BTC, which has risen by about 2.5% from the lows set the previous day, remains on the radar of investors as a potential short opportunity towards the weekly close. Crypto Tony told his Twitter followers on April 23, “My short target right now is $26,600 and it may take a little longer to get there as it’s the weekend. This is the most logical goal and there are offers out there right now. So I’m waiting for a reaction after it’s been tested,” he says.

BTC caption chart / Source: Crypto Tony/Twitter

This target will mean a new low for BTC, which has lost 10% over the week, turning April’s performance into a negative overall.

Analyst Mark Cullen assesses the potential for BTC to approach $27,310, the April 21 CME futures closing price before the weekly close. The analyst offers a similar target to Crypto Tony, saying, “There are a lot of offers at the level of 26.5k, but I am not sure that these offers will be reached yet.”

BTC caption chart / Source: Mark Cullen/Twitter

In another tweet, the analyst states that spot market sales are increasing on Binance, the largest exchange, which could put downward pressure on an illiquid weekend trading environment.

The ‘terrible bear trend’ for Bitcoin is approaching

Market participants seem to share the same consensus on BTC price movements more broadly. They also suggest that short-term bearish moves are not yet amenable to changing the overall uptrend for 2023. Among them is Michaël van de Poppe, founder and CEO of trading firm Eight, and likewise the popular analyst shares bearish targets. Saying that the weekly chart is still on the path to push a higher low (HL), thus maintaining the uptrend, the analyst says, “I can’t see the full bearish perspective,” pointing out the following levels:

We are looking for an HL that appears to be a possible case around $26,500-27,000 (maybe $25,000) on the weekly timeframe.
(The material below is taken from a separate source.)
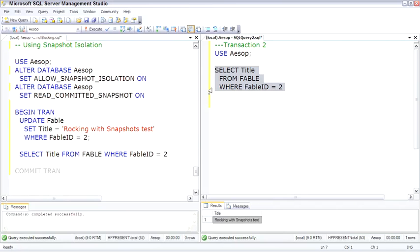So we looked at transactions and the transaction log. We looked at locks — their granularity, mode, and duration. We saw how to observe locks using the Activity Monitor. We watched a deadlock and saw it visually using Profiler. Then we wrapped up with Snapshot Isolation, which really turns the whole locking and blocking issue on its ear, where now readers and writers don't block each other, but writers still block writers.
A break above $27,800 will likely mean a strong upside reaction and continuation of the uptrend for BTC towards $29,000.

BTC 1-hour candlestick chart (Bitstamp) / Source: TradingView

Popular trader CryptoBullet looks more nervous, even as he admits that a weekly candle that overshadows one-month progress won’t spell the end of his bull run.

Bitcoin gears up for a ‘strong bull run’

As you follow on Kriptokoin.com, Bitcoin’s downward price action seems to have stopped as BTC aims to establish a solid foundation above the $27,000 level. This came just days after gains above the $30,000 level failed to sustain.

Despite the setback, crypto analyst alias El_crypto_prof suggests that the losses may be short-lived. According to the analyst, historical data points to a potential bull run for BTC after what he calls the end of smart money accumulation, marked by the Quantitative Qualitative Forecast (QQE) rising above zero. In this context, the analyst makes the following statement:

Smart money’s business of accumulating BTC is over. I told you a few weeks ago that when QQE >0 = Accumulation ends. We’ve always seen a strong bull run afterwards <…> And the bears are happy with a few red candles.

Bitcoin price analysis chart / Source: TradingView

McGlone remains bullish on BTC over the long term

Meanwhile, Bloomberg senior commodities strategist Mike McGlone predicts that Bitcoin will likely experience a short-term pullback after falling below $30,000. However, it remains bullish for the long-term outlook.

Bitcoin’s last correction came shortly after the asset broke the $30,000 mark for the first time in nearly 10 months. This increase has been attributed to Bitcoin benefiting from the US banking sector crisis and the optimism surrounding the Federal Reserve’s stance on inflation. The correction saw Bitcoin lead the broader market in short-term losses, in part in response to higher UK inflation data. This development triggered concerns about higher-longer interest rates that contributed to the sell-off in Bitcoin and other risky assets.